Função, composição e convocação do conselho do condomínio

Conceito de condomínio e papel do conselho de condómini

Conselho do condomínio

o condomínio, do ponto de vista da gestão, é definido como um órgão de gestão sem personalidade jurídica.
Esta definição tem sido criticada pela jurisprudência mais autoritária (cf. Cass.
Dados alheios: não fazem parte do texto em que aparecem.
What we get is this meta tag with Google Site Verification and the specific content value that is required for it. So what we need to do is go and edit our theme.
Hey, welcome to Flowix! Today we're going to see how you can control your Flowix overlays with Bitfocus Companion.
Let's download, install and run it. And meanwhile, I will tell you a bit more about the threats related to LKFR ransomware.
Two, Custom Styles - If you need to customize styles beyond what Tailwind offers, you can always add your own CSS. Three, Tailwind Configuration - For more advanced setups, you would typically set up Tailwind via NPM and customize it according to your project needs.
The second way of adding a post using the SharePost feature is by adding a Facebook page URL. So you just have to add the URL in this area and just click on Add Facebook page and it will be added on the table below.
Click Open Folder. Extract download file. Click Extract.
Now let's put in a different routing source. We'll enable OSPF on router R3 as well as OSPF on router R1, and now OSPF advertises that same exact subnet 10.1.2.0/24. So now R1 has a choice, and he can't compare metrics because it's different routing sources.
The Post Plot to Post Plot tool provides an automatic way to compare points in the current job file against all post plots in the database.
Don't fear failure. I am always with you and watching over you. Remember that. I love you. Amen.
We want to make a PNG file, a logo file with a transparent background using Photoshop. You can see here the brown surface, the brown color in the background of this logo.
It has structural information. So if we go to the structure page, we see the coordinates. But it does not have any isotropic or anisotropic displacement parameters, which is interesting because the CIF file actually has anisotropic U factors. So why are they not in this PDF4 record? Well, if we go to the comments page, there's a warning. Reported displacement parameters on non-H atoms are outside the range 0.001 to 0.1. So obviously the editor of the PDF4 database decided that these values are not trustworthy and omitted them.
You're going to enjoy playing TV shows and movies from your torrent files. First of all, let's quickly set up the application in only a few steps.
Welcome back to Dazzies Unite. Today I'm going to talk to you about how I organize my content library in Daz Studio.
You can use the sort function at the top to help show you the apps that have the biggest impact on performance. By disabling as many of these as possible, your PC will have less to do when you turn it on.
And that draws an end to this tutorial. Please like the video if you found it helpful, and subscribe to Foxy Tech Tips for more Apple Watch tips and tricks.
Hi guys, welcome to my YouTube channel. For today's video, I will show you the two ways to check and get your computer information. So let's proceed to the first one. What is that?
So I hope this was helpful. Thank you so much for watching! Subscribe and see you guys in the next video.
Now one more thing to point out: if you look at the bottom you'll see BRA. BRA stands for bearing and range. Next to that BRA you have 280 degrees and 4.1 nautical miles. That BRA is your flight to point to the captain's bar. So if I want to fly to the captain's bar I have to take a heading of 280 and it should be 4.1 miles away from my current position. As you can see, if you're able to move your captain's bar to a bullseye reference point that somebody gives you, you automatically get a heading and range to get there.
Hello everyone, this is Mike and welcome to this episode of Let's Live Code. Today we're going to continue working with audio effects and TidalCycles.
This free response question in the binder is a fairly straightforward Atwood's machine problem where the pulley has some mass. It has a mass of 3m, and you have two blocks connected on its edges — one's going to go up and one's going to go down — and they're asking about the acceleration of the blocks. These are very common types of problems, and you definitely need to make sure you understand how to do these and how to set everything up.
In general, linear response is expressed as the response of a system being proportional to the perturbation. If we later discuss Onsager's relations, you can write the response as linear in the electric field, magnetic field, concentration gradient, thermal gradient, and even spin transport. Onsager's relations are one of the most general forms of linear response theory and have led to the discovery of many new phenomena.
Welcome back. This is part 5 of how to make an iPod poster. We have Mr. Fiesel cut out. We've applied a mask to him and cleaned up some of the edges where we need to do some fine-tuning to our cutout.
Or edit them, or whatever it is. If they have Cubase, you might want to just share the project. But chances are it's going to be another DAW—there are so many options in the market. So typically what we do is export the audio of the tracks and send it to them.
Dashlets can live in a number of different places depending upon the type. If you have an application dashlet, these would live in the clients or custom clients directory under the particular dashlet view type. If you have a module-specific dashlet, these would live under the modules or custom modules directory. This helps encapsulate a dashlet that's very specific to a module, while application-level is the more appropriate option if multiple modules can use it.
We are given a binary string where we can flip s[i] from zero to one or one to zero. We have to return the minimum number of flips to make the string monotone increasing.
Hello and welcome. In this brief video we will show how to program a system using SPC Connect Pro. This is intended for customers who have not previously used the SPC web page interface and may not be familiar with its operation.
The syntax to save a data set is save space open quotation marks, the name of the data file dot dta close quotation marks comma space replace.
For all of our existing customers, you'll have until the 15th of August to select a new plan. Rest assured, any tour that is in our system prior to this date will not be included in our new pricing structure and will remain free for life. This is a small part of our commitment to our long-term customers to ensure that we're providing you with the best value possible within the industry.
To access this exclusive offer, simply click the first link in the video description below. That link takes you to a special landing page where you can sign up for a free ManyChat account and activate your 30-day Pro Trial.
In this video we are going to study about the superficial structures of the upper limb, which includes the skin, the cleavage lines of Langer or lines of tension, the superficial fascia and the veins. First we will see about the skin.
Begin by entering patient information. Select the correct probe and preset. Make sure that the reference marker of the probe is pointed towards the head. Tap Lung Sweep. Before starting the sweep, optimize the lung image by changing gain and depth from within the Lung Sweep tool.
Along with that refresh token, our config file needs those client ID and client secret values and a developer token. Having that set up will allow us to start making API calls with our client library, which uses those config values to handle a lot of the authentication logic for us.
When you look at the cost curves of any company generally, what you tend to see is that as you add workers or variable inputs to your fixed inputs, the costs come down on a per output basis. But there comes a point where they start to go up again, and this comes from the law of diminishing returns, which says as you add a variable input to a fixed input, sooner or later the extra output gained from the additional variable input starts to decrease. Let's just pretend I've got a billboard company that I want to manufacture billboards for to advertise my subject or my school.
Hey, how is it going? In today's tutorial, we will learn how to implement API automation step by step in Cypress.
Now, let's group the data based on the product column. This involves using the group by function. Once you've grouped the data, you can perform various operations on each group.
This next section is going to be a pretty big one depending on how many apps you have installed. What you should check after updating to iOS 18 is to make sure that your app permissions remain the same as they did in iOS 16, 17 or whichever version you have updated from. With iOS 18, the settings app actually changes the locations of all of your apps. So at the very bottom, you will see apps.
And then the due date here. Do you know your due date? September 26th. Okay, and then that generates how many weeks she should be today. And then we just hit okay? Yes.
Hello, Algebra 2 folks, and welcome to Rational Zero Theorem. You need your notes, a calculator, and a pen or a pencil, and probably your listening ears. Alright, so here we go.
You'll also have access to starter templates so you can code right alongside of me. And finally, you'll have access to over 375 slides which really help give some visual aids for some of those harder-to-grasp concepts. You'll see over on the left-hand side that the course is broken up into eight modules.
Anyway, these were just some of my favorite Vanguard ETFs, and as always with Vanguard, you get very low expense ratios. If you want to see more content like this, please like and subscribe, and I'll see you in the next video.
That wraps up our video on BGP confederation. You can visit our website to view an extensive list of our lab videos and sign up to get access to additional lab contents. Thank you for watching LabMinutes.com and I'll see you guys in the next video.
SS.UU. n. 9148/08), mas deve-se dizer que as seções simples do Supremo Tribunal e os juízes de mérito continuam a usá-lo.
Não perca, entre os privilegiados, quem define o condomínio como um tipo de ectoplasma jurídico: nem um órgão de administração, nem uma associação ou uma empresa.
A lei n. 220/2012, a chamada reforma do edifício, deste ponto de vista não dissipou qualquer dúvida, evitando intervir sobre o assunto.
Vamos deixar de lado as disputas sobre a natureza jurídica do condomínio e vamos nos concentrar nas questões articulações através do qual a equipe atua.
A referência é para 'administrador do condomínio e tudomontagem de condomínioEstes são órgãos (no jargão técnico, mesmo que inadequadamente chamados), através dos quais a equipe estabelece atos legais interagindo com terceiros ou com seus próprios participantes.
Para estes órgãos já antes da entrada em vigor da reforma e mais ainda depois, o chamado deve ser adicionado conselho do condomínio.
Antes de entrar no mérito da nomeação do conselho e de seus poderes, vale a pena mencionar brevemente as funções dos outros dois corpos.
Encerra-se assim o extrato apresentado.